The piano (or pianoforte) is played all over the world and requires a great deal of coordination by the player. There are various sizes and shapes of piano with the most common being the 'upright' and the grand (pictured).

As the pianist plays the keys, a hammer mechanism strikes the strings inside the piano with a felt hammer causing them to vibrate thus producing the sound.

There have been many virtuosi players over the years and composers have written extensively for the instrument. In the classical era, Mozart wrote 27 concerti for piano as well as numerous solo works. With composers including Liszt, Paganini and Chopin writing countless works the piano soon became one of the most written for instruments.

In recent years the composer Einaudi has been taking the world by storm. This is a performance of his 'Berlin Song' performed at the Royal Albert Hall.

Here is a video featuring some boogie woogie!
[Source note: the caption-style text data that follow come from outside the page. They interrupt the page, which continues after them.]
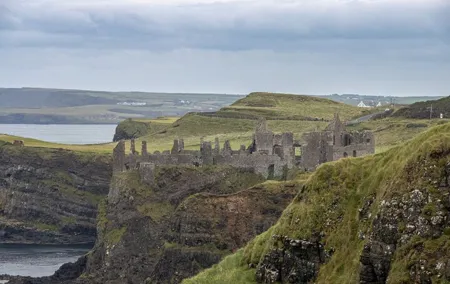 Game of Thrones and Giant’s Causeway Private Tour from Belfast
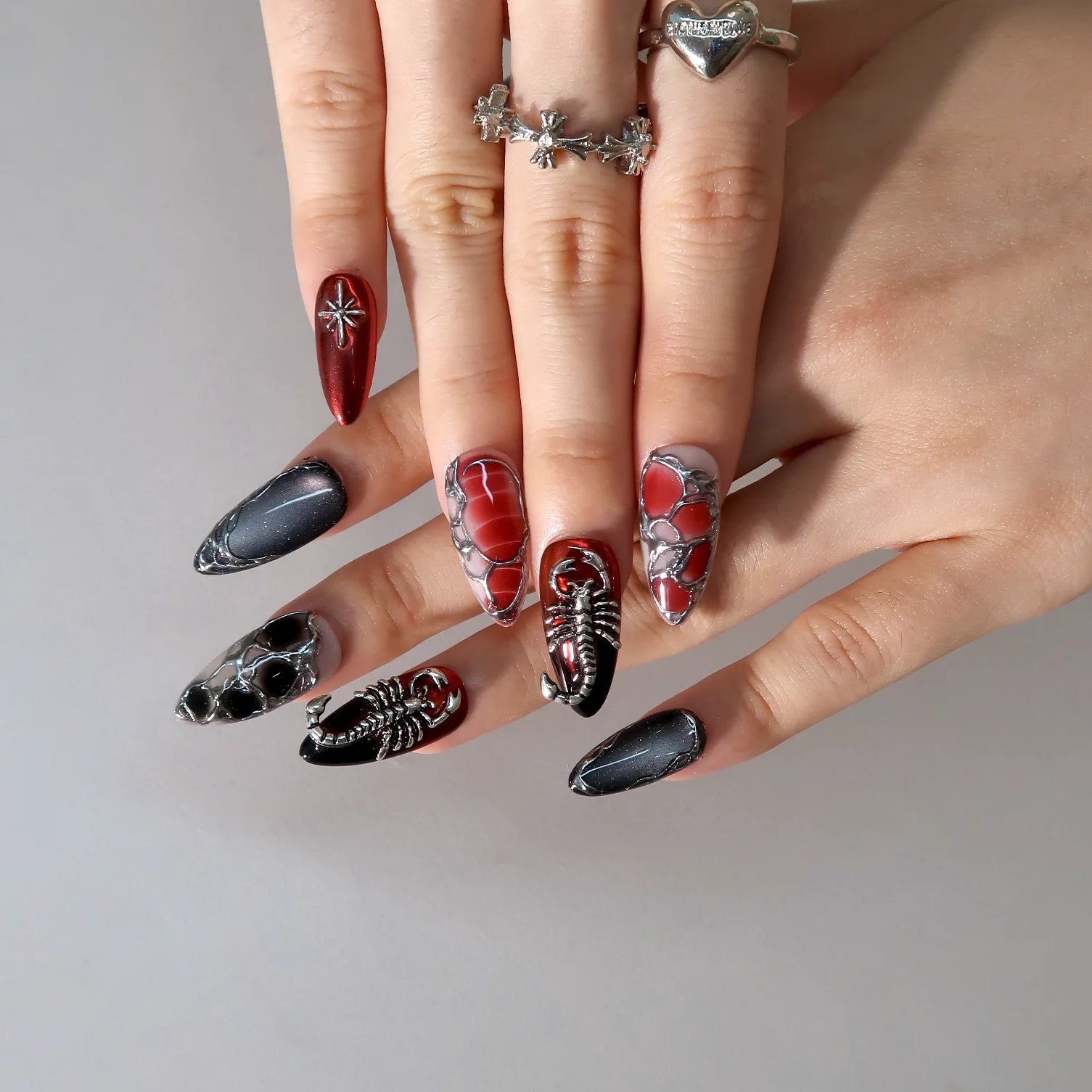 Born Wild - Ersa Nails Red Black PressOnNails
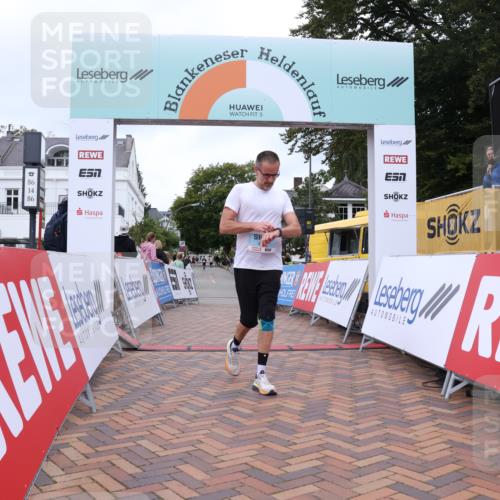 30.08.2026 - Blankeneser Heldenlauf Lena Gebhardt http://msf.ph/oto/10066756 30.08.2026 12:58:38 Ziel 4042 meine-sportfotos.de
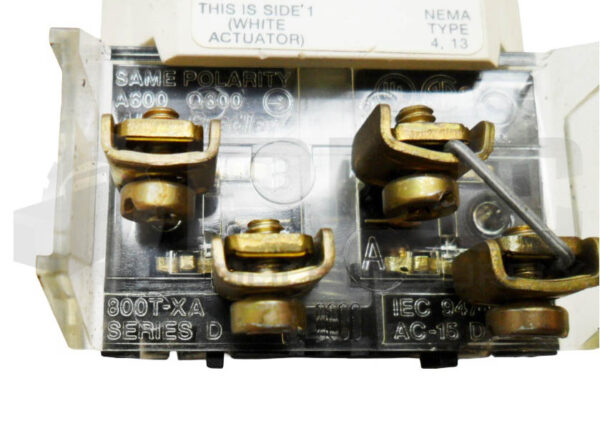 ALLEN BRADLEY 800T-J4 /T SELECTOR SWITCH W/ 800T-XA /D CONTACT BLOCK - Image 4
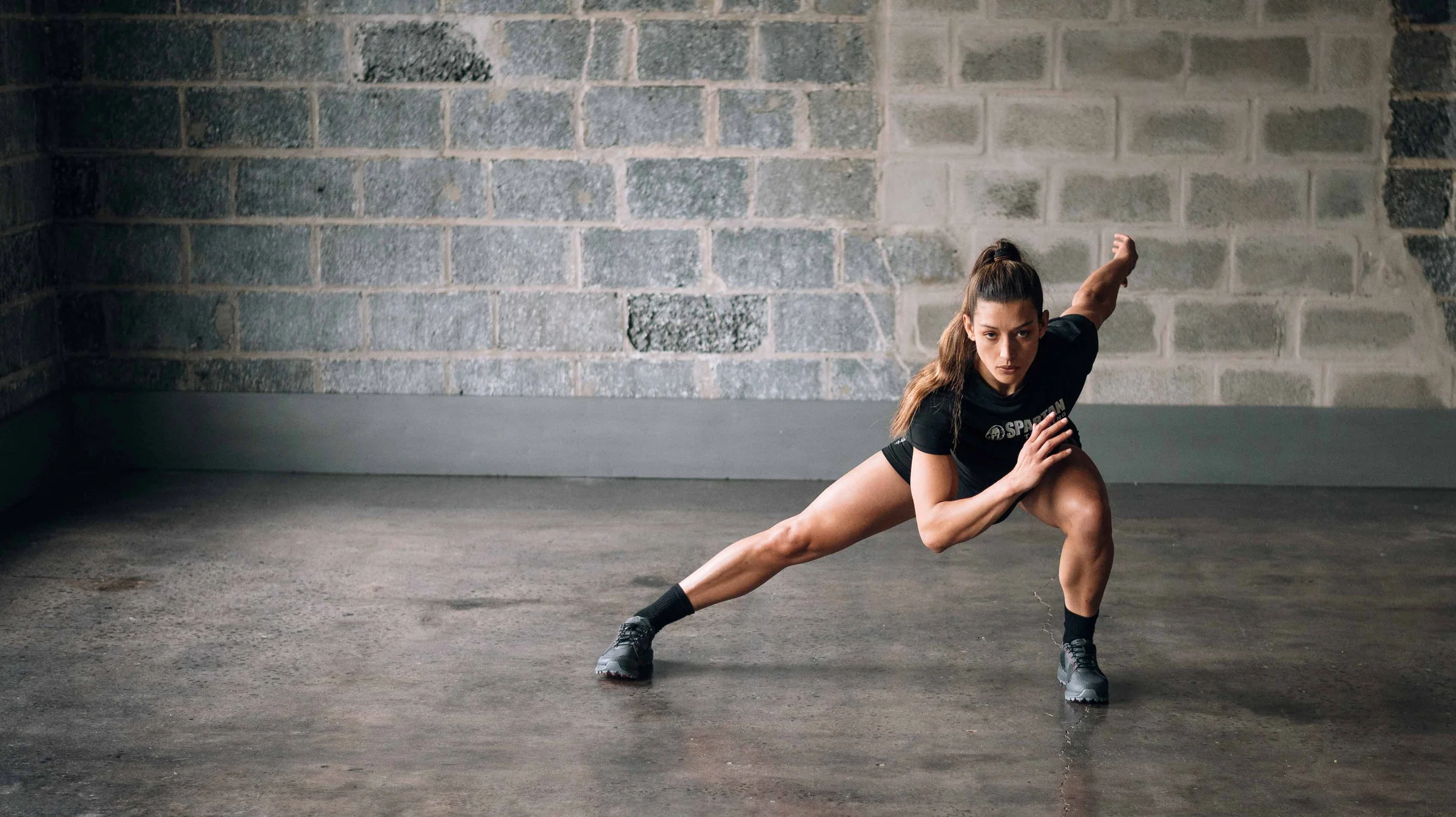 Functional movement session in a bright training space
Jools Holland interviews and then performs with Axel Zwingenberger, Ben Waters, Charlie Watts, Dave Green.

Useful information

Who can play the piano

Anyone can play the piano at any age however most children start at about Year 3.


If it is not suitable for everyone, what alternative instrument would you recommend and why?

Sometimes children begin on an electric keyboard to see if they like the piano – these are obviously smaller and also cheaper than a piano! However this keyboard must be touch sensitive to mimic the piano touch.

What qualities of the piano are special?

The sound of the piano is unique – everyone recognises it. It can be used as a solo instrument as well as accompanying other instruments and voices. 

Learning to play any instrument develops lots of new skills.  What are the particular benefits of playing the piano?

Benefits of learning the piano include developing good knowledge of both treble and bass clef – this is especially useful if you have begun piano and are thinking of taking up another instrument as well.  Also good piano skills are essential for any sort of career in music.

Are all pianos the same?

There are usually two sorts of piano - upright and grand. Upright pianos are most commonly seen – most schools have one.  Grand pianos are often for big performances with orchestras or recitals for example.  They are also usually much more expensive!

If you are thinking of buying a piano then please seek advice from any Musica Kirklees piano teacher before purchasing.  Things such as tuning and general condition can vary hugely between instruments.

Are there any famous musicians or pieces associated with the piano?

Have a listen to Clair De Lune by Debussy for the piano sounding very beautiful or anything played by Jools Holland for a big band jazz sound!